++++ ENTRIES SUPPLIED

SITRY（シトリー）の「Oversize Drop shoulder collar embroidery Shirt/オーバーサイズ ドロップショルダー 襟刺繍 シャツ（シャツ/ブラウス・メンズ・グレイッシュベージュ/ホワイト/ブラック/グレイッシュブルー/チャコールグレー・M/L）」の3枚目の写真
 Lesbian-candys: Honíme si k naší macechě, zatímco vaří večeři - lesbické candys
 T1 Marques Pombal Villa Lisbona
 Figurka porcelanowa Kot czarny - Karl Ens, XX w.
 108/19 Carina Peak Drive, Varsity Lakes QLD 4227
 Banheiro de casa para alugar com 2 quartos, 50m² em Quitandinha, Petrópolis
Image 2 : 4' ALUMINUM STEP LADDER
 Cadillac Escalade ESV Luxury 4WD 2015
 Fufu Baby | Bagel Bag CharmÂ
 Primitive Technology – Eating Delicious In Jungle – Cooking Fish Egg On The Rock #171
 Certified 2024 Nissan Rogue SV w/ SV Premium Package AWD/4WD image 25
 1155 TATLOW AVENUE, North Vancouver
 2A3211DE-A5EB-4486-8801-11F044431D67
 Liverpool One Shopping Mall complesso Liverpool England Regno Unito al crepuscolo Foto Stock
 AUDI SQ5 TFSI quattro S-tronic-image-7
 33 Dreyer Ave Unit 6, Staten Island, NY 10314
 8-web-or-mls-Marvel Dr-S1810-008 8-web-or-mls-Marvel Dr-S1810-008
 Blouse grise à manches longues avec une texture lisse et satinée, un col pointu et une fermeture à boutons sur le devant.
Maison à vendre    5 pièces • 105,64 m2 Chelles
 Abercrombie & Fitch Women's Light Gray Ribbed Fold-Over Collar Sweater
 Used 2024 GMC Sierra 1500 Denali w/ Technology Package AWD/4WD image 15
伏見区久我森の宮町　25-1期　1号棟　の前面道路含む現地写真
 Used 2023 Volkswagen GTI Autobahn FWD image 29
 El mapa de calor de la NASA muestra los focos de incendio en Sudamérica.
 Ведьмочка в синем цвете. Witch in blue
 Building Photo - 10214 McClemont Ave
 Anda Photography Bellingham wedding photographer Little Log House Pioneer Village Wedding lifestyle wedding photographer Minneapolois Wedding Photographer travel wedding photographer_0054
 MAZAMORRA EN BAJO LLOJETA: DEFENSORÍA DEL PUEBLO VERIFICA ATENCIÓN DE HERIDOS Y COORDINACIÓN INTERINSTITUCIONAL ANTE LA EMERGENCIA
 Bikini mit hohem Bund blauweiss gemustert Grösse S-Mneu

++++++++

__WORK ORDER__:
After locating the line with "33 Dreyer Ave" above, return that line and every later line through the one with "Anda Photography Bellingham", word for word and with nothing else.

__YOUR RESPONSE__:
 33 Dreyer Ave Unit 6, Staten Island, NY 10314
 8-web-or-mls-Marvel Dr-S1810-008 8-web-or-mls-Marvel Dr-S1810-008
 Blouse grise à manches longues avec une texture lisse et satinée, un col pointu et une fermeture à boutons sur le devant.
Maison à vendre    5 pièces • 105,64 m2 Chelles
 Abercrombie & Fitch Women's Light Gray Ribbed Fold-Over Collar Sweater
 Used 2024 GMC Sierra 1500 Denali w/ Technology Package AWD/4WD image 15
伏見区久我森の宮町　25-1期　1号棟　の前面道路含む現地写真
 Used 2023 Volkswagen GTI Autobahn FWD image 29
 El mapa de calor de la NASA muestra los focos de incendio en Sudamérica.
 Ведьмочка в синем цвете. Witch in blue
 Building Photo - 10214 McClemont Ave
 Anda Photography Bellingham wedding photographer Little Log House Pioneer Village Wedding lifestyle wedding photographer Minneapolois Wedding Photographer travel wedding photographer_0054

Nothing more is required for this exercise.